14 Oct 2021 , 06:00 PM

How to Share Terabytes of Live Data with Delta Sharing

Technology

In this technical session Databricks' Frank Munz, will introduce Delta Sharing, a Linux Foundation open source solution for sharing massive amounts of live data in a cheap, secure, and scalable way.

 

Delta sharing uses pandas or Apache Spark for the real-time exchange of large data sets, enabling secure data sharing across products for the first time. It leverages modern cloud object stores, such as S3, ADLS, or GCS, to reliably transfer large data sets. An open-sourced reference sharing service is available to get started.

 

Within the Databricks ecosystem, Unity Catalog implements the open source Delta Sharing protocol, so you can share data across organization regardless of system boundaries, compute platform or cloud provider.   

 

This is a technical session with difficulty level easy/medium (L300).

 

Speaker Bio

 

Dr. Frank Munz is a Staff Developer Advocate at Databricks. He is the published author of three computer science books.
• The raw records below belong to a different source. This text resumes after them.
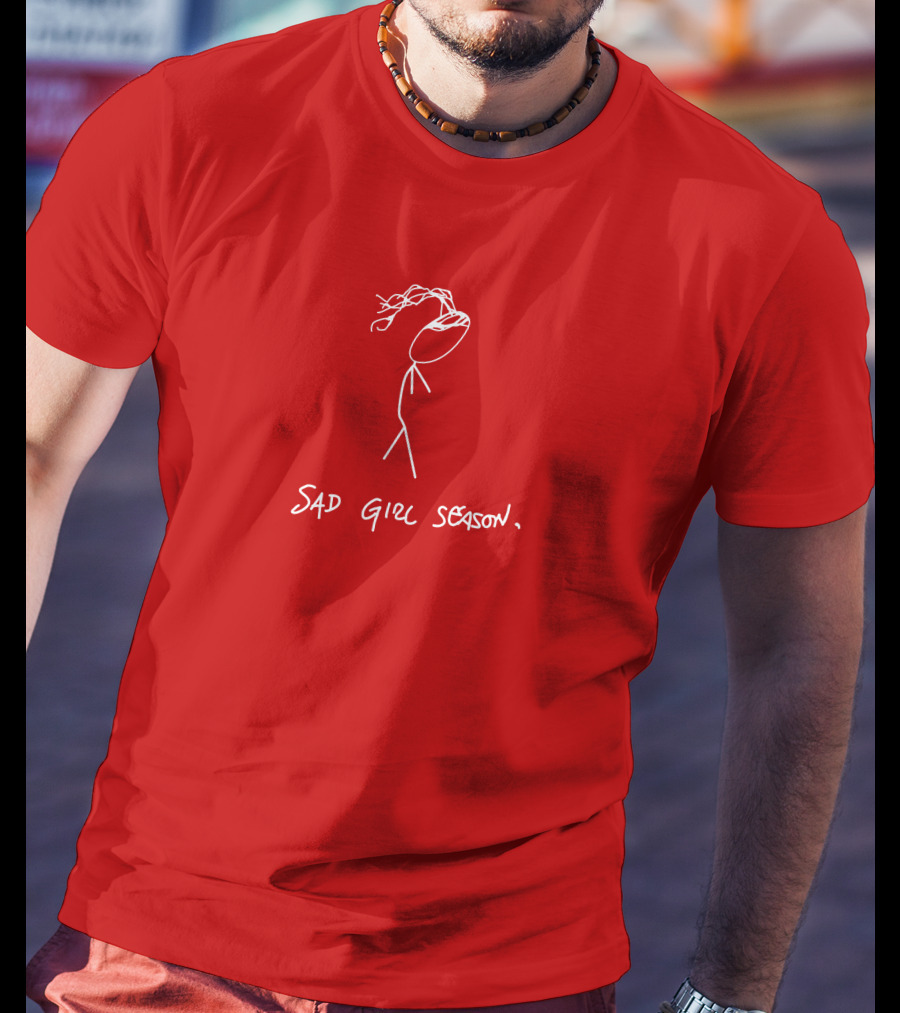 Sad Girl Season Stick Figure Drawing T-Shirt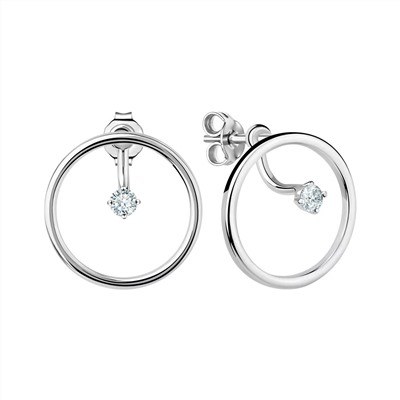 Серьги джекеты, куб.циркон., Л-12159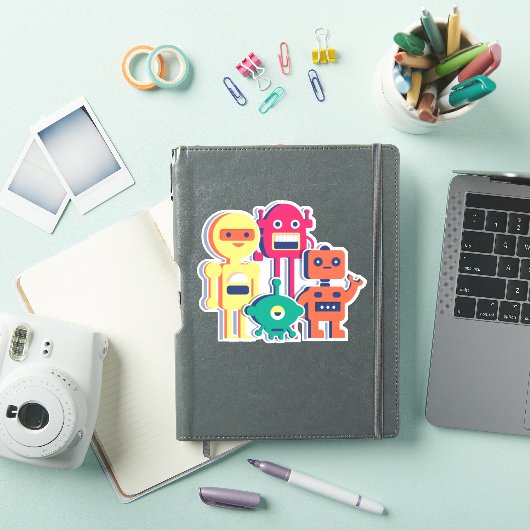 Vier kleurrijke robots, vinylSticker Sticker (iPad Cover)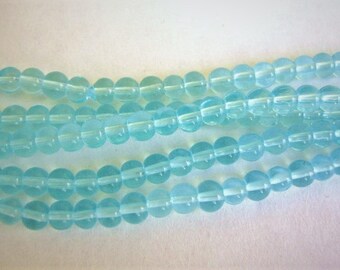 4mm Round Transparent Blue Glass Beads 80pc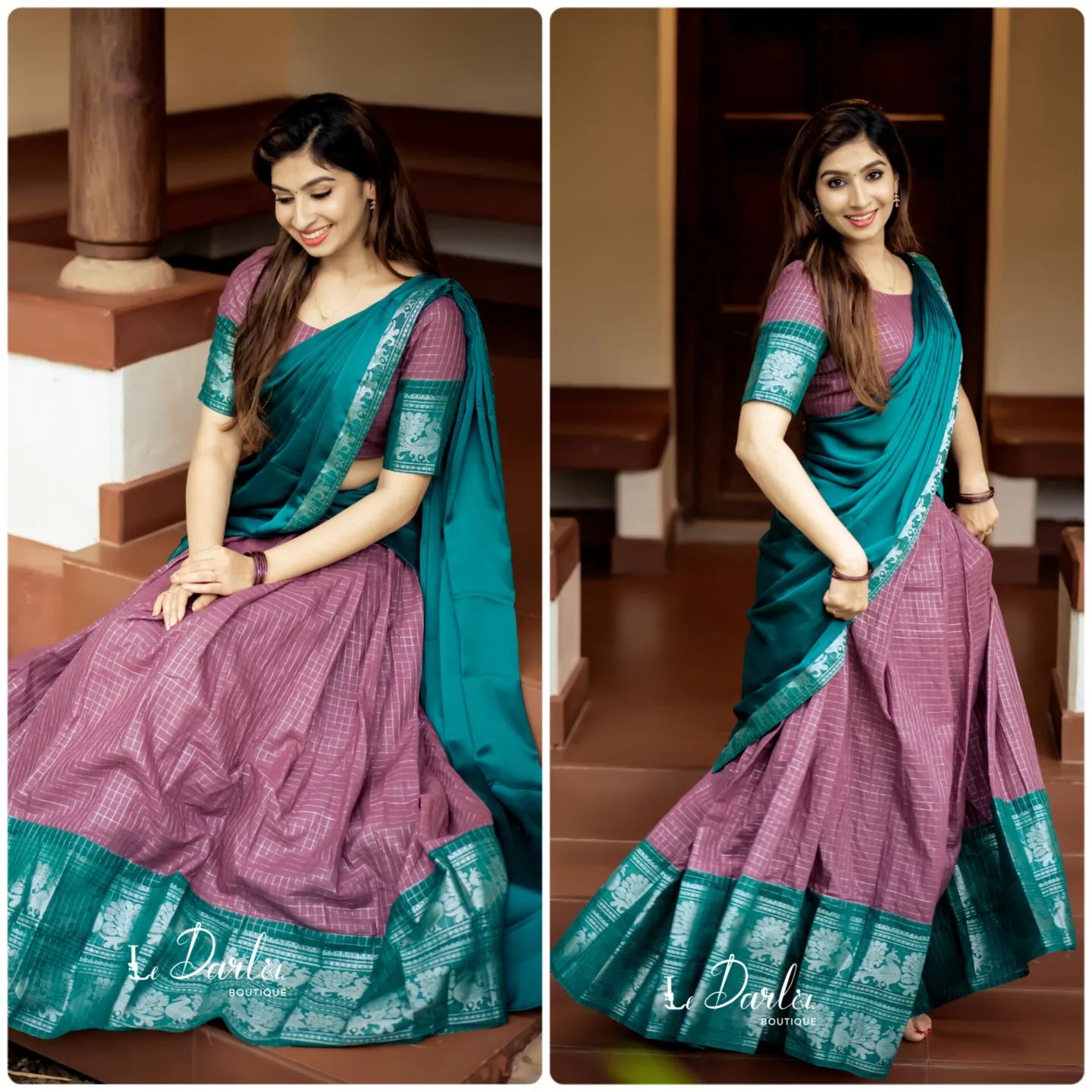 Mezos Teal Green & Mauve Checked Cotton Silk Half Saree Set | Amali Royal Heritage Collection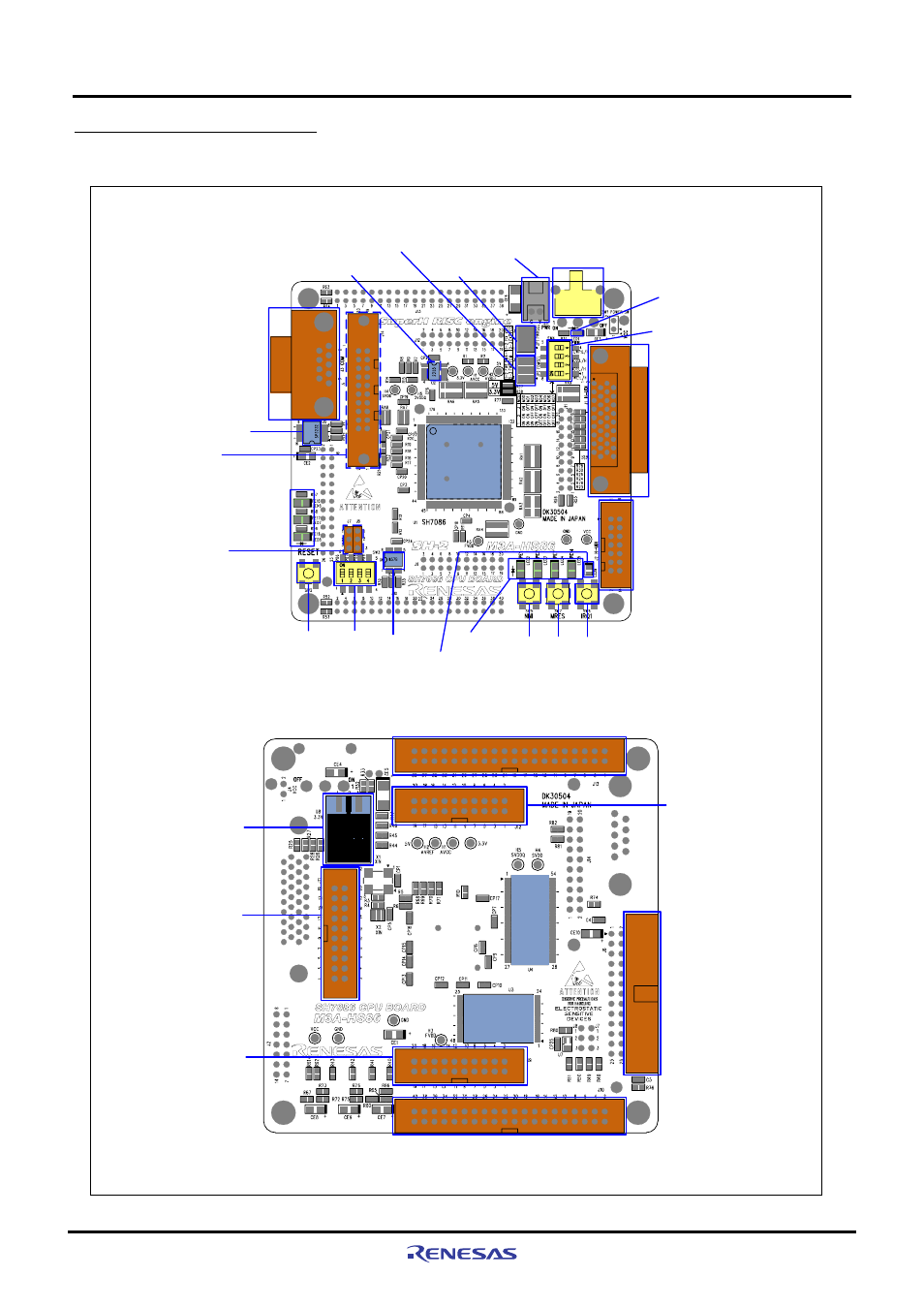 6 m3a-hs86 board overview, Overview, Top view of the solder side | Renesas SuperH M3A-HS86 User Manual | Page 12 / 70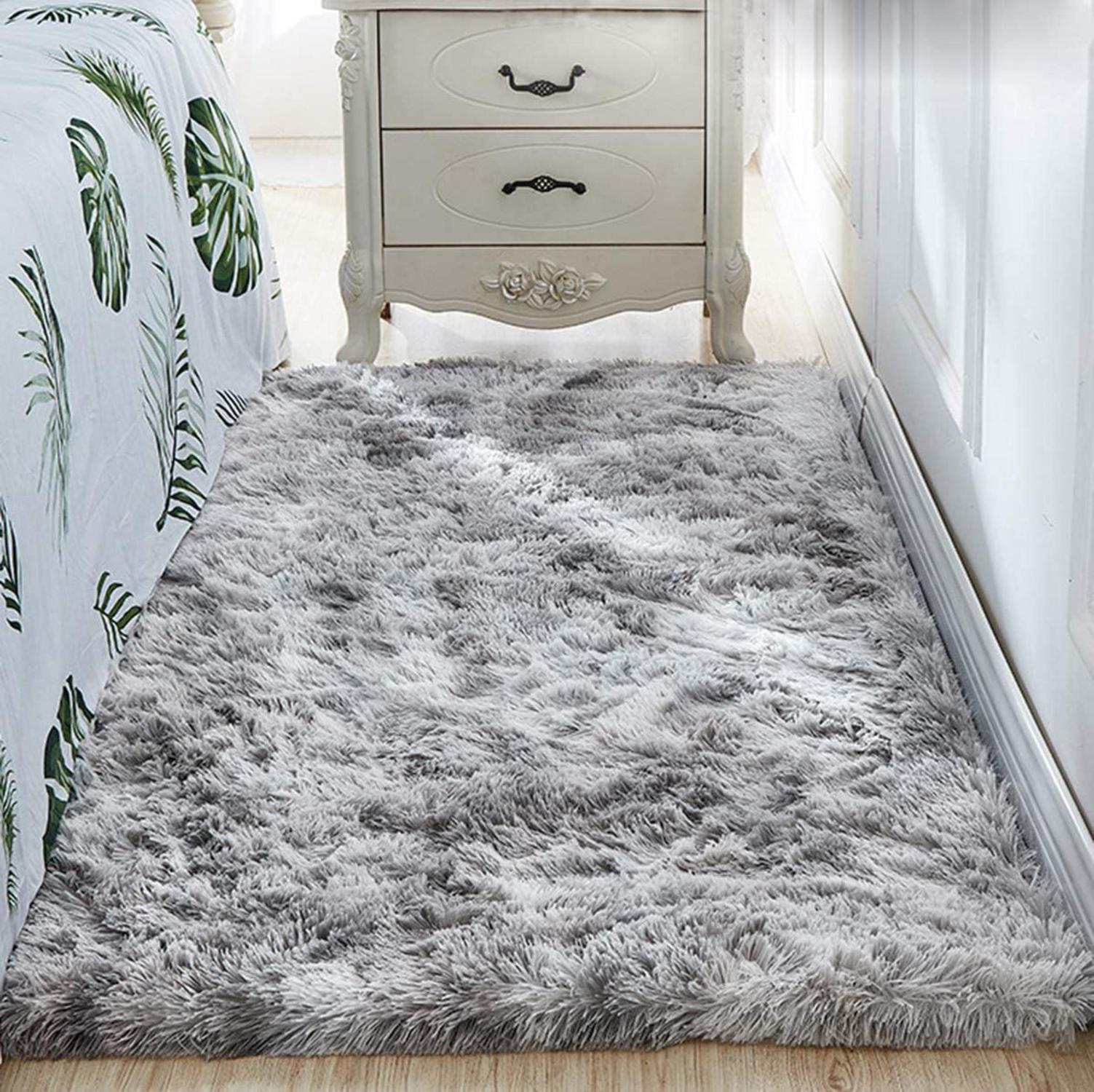Leesentec Weicher Shaggy Teppich 160x200cm Grau Weiß Anti-Rutsch Schlafzimmer-Wohnzimmerteppich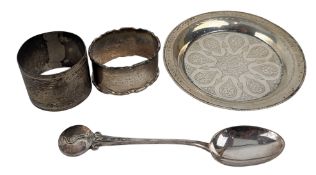 AN EGYPTIAN HALLMARKED SILVER PIECES & HALLMARKED SILVER TEASPOON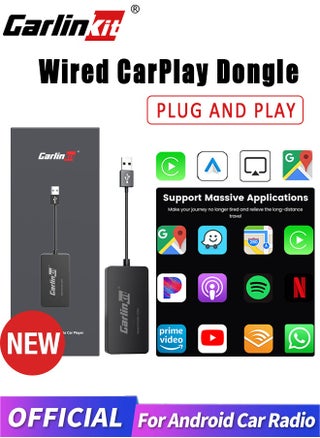 CarlinKit Wired CarPlay Dongle Android Auto for Car Radio with Android System Version 4.4.2 and Above, Install The AutoKit App in The Car System, Dongle Connect The Car's AutoKit App to get CarPlay - pzsku/Z235D2A3B3C814823797BZ/45/_/1704967787/dcba7dc1-9082-4063-91ca-512ea0a69cbc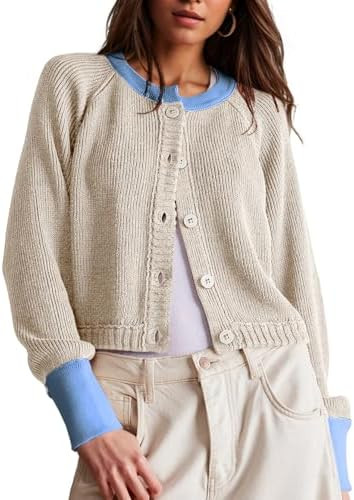 UNCLECAT Women's Cropped Cardigan Sweaters Fall Long Sleeve Open Front Cardigans Button Down Colo... | Amazon (US)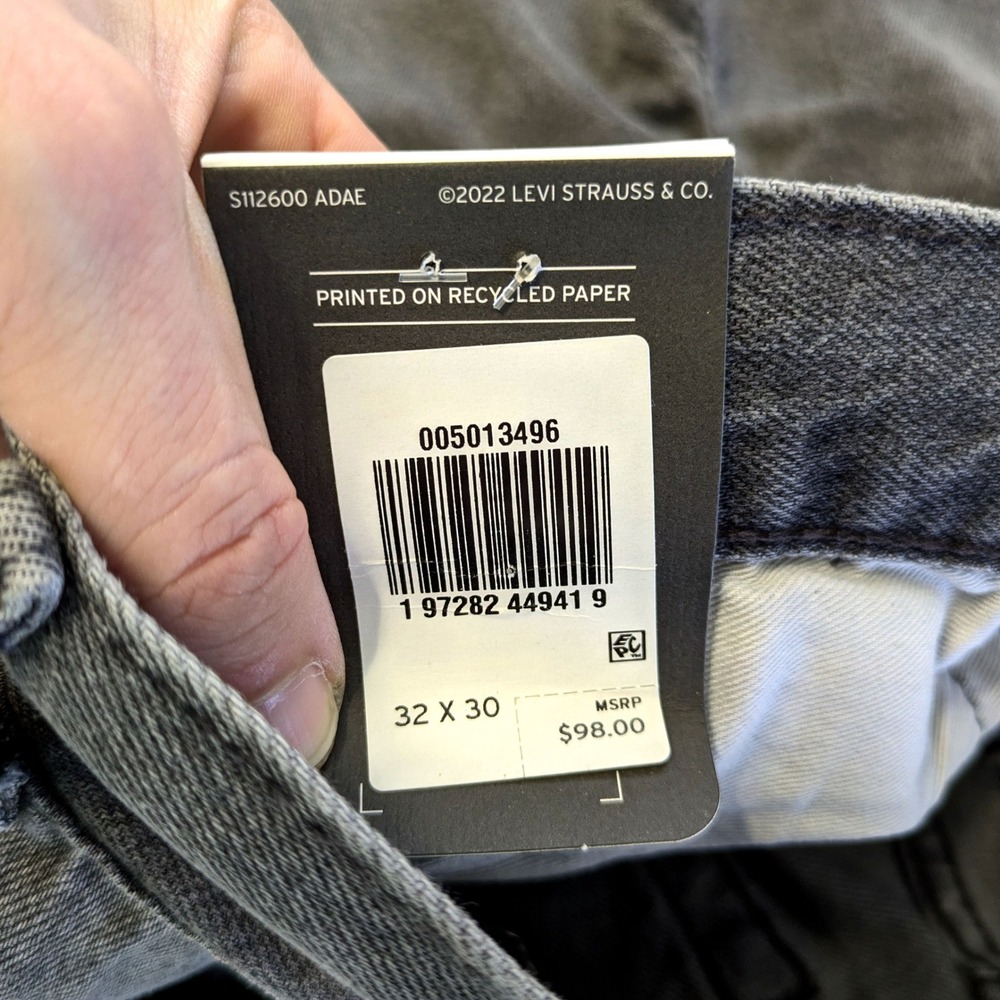 Levis 501 Original Grey Straight Leg Button Fly Denim Jeans 005013496 32x30 - Picture 7 of 9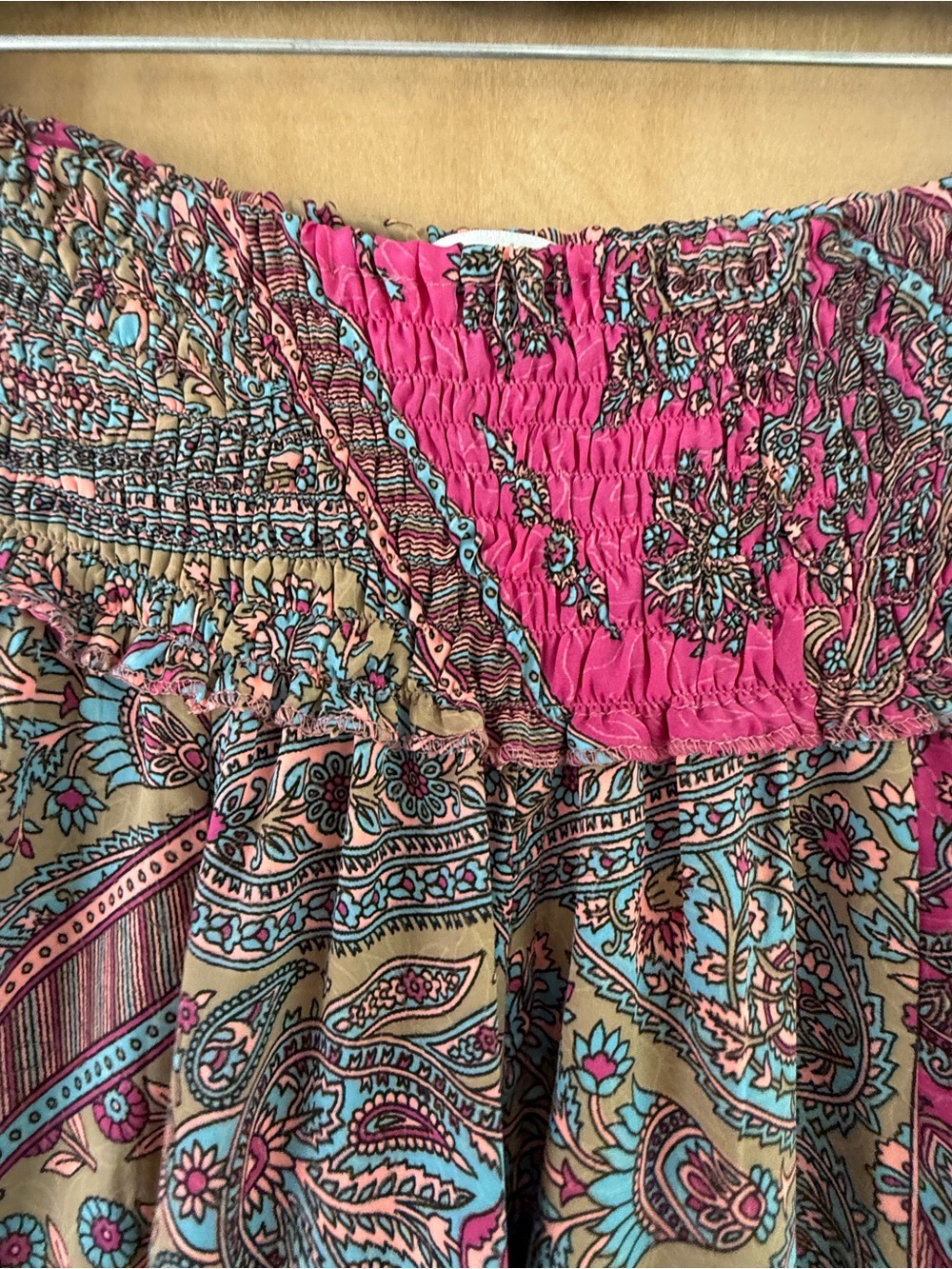 Bohemian Wide-Leg Printed Palazzo Pants in Pink & Orange - Picture 6 of 12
Frank built up technical evangelism for Amazon Web Services in Germany, Austria, and Switzerland. He is a certified AWS and GCP Professional Cloud Architect and ML/Data Engineer. Frank fullfilled his dream to speak at top-notch conferences on every continent (except antarctica, because it is too cold there). He presented at conferences such as Devoxx, Kubecon, re:Invent, Voxxed Days, and Java One. He holds a PhD in Computer Science from TU Munich. 

When Frank is not working, he enjoys travelling in Southeast Asia, skiing in the Dolomites, tapas in Spain, and scuba diving in Australia.